Richard Silvia, Michelle Plum, Robert Dufresne.   

Abstract

OBJECTIVE: This study compared the efficiency and increased access to care by a psychiatric pharmacist (PP) incorporated into primary care versus behavioral health clinic (BHC) prescribers for depression treatment.
SETTING: The pharmacist's practice was based in the primary care clinics of an urban Federally Qualified Community Health Center (FQCHC). PRACTICE DESCRIPTION: PP entered into a supervised collaborative practice agreement at the FQCHC. Primary care providers referred patients to PP for depression treatment. PRACTICE INNOVATION: PPs have been utilized as psychiatric providers within psychiatric settings, but not in primary care. Integrating a PP within primary care can assist patients in obtaining more rapid, individualized mental health treatment. EVALUATION: Investigators retrospectively screened the records of adults treated at a FQCHC with a primary diagnosis of depression referred for antidepressant management to (1) the PP over a 2 year period (study group [SG]), versus (2) the FQCHC's BHC over the year preceding the PP's arrival (control group [CG]). Both groups were compared using serial PHQ-9 data and wait time until initial evaluation. Pharmacist's patients treated during a 2-month period also completed a satisfaction survey.
RESULTS: The SG and CG included 107 and 34 patients respectively. Average PHQ-9 scores decreased from 17.9 ± 6.51 at baseline to 14.7 ± 7.0 at follow-up #1 in the SG (P < 0.001), whereas there were minimal PHQ-9 data in CG. Time from treatment referral to initial medication evaluation averaged 31.3 days in the SG and 104.5 days in the CG (P < 0.001). The 39 SG patients demonstrated high satisfaction, with a mean of 26.8 out of 28 points.

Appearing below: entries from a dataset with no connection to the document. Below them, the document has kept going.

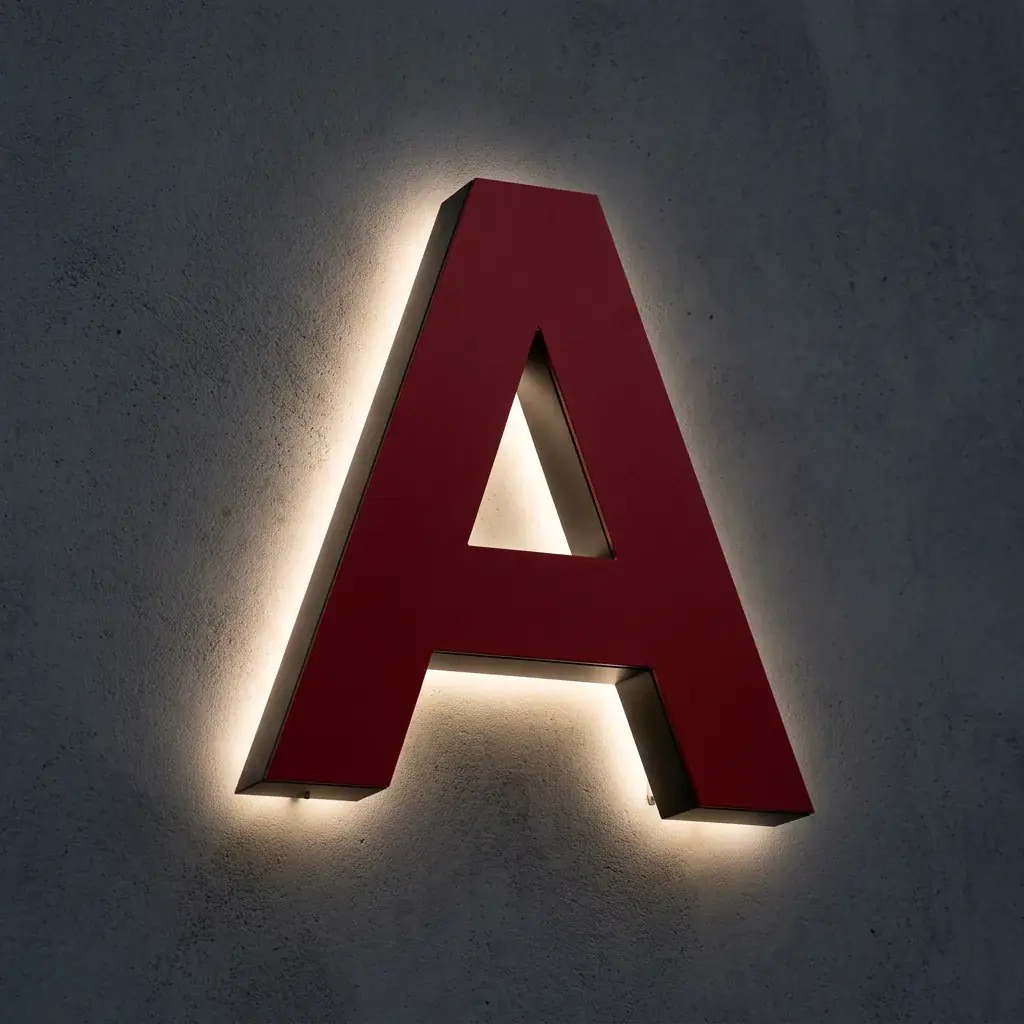 Roter 3D Buchstabe mit Backlit-Hintergrundbeleuchtung an einer Wand.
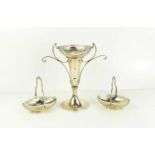 A silver stem vase with matching bon bon baskets, the vase having shaped handles with curled fronds,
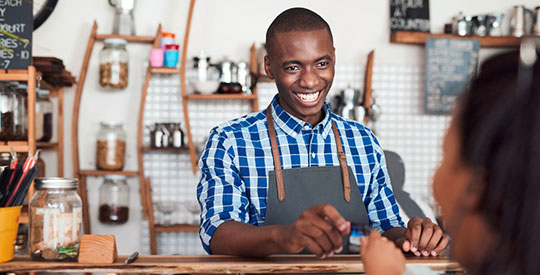 Café owner taking payment from a customer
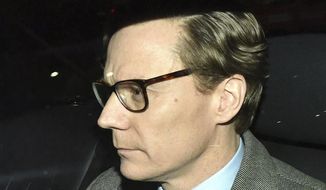 Chief Executive of Cambridge Analytica (CA) Alexander Nix, leaves the offices in central London, Tuesday March 20, 2018.  Cambridge Analytica, has been accused of improperly using information from more than 50 million Facebook accounts. It denies wrongdoing. (Dominic Lipinski/PA via AP)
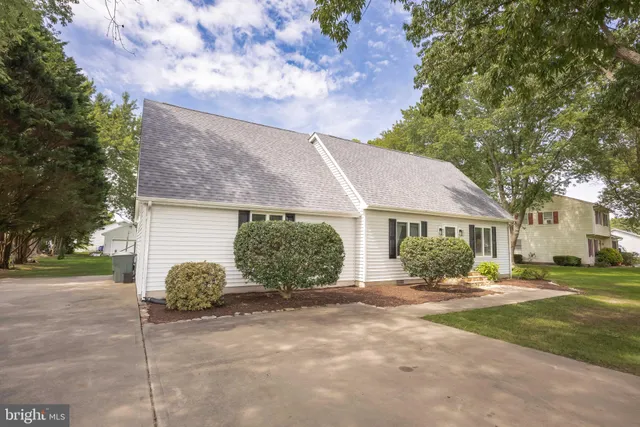 a dining room with furniture a chandelier and wooden floor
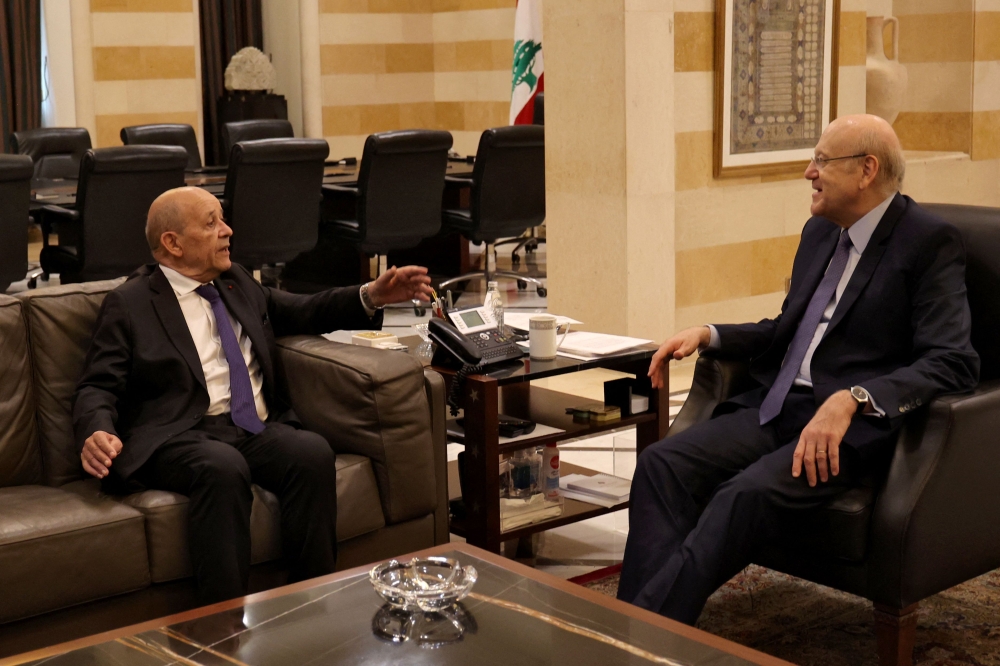 Lebanese caretaker Prime Minister Najib Mikati (right) meets with France's new special envoy for Lebanon Jean-Yves Le Drian, in Beirut on June 22, 2023. (Photo by Anwar Amro / AFP)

CONCLUSION: PP incorporation into primary care produced positive outcomes and improved depression treatment access. Patients maintained reduced PHQ-9 scores and were seen in one-third the time versus those seen in the BHC. PP utilization in primary care is viable for treating depression.
Copyright © 2020 American Pharmacists Association®. Published by Elsevier Inc. All rights reserved.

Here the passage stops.